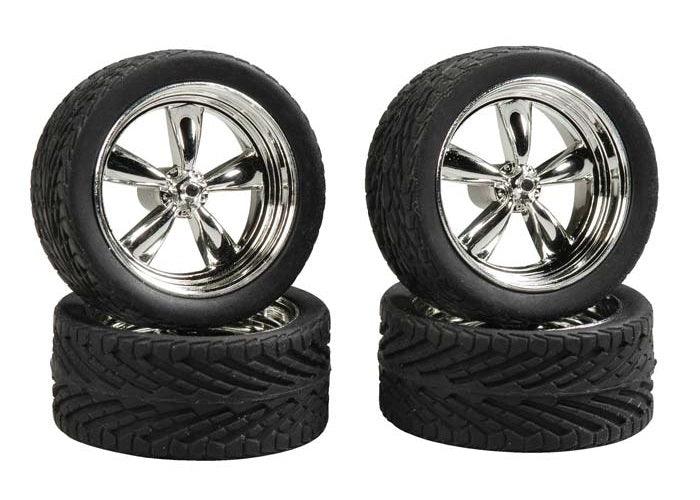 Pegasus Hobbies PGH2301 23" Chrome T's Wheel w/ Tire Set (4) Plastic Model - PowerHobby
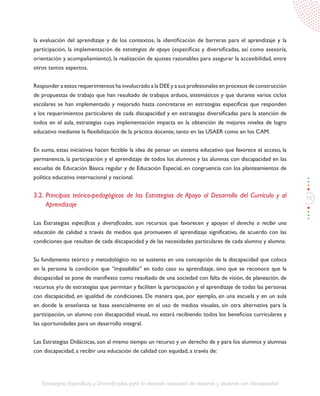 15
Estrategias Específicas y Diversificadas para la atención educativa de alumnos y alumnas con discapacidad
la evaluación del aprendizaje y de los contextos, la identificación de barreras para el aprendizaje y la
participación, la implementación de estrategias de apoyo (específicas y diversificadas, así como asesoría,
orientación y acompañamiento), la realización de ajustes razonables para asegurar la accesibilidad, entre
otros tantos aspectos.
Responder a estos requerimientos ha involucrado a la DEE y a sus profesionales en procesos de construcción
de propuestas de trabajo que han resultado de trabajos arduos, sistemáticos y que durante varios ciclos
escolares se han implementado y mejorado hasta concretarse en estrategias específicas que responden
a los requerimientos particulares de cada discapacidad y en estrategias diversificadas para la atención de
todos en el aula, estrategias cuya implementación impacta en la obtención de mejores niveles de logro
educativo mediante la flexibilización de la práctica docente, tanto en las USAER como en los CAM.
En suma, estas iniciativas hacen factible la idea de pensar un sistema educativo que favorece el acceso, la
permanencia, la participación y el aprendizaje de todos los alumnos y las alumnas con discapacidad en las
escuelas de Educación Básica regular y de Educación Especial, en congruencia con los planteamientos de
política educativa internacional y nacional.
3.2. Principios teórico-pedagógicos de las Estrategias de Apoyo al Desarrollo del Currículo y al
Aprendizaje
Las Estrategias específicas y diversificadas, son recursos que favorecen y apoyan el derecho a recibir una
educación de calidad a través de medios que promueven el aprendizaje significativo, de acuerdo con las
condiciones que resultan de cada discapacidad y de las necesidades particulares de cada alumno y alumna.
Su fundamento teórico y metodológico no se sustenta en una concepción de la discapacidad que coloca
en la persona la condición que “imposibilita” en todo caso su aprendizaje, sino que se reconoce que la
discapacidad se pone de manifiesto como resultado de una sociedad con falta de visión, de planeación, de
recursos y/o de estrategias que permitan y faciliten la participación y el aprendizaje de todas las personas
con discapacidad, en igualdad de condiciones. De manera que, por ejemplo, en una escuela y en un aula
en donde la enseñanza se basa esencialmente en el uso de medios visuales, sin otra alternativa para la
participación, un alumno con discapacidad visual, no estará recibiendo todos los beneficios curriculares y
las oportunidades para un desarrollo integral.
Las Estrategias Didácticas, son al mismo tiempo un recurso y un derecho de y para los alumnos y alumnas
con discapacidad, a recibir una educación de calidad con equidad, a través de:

### Activity
Each line above, from the one that contains "Las Estrategias Didácticas, son" to the last line of the records, should be repeated exactly. Leave out all others.

### Task response
Las Estrategias Didácticas, son al mismo tiempo un recurso y un derecho de y para los alumnos y alumnas
con discapacidad, a recibir una educación de calidad con equidad, a través de:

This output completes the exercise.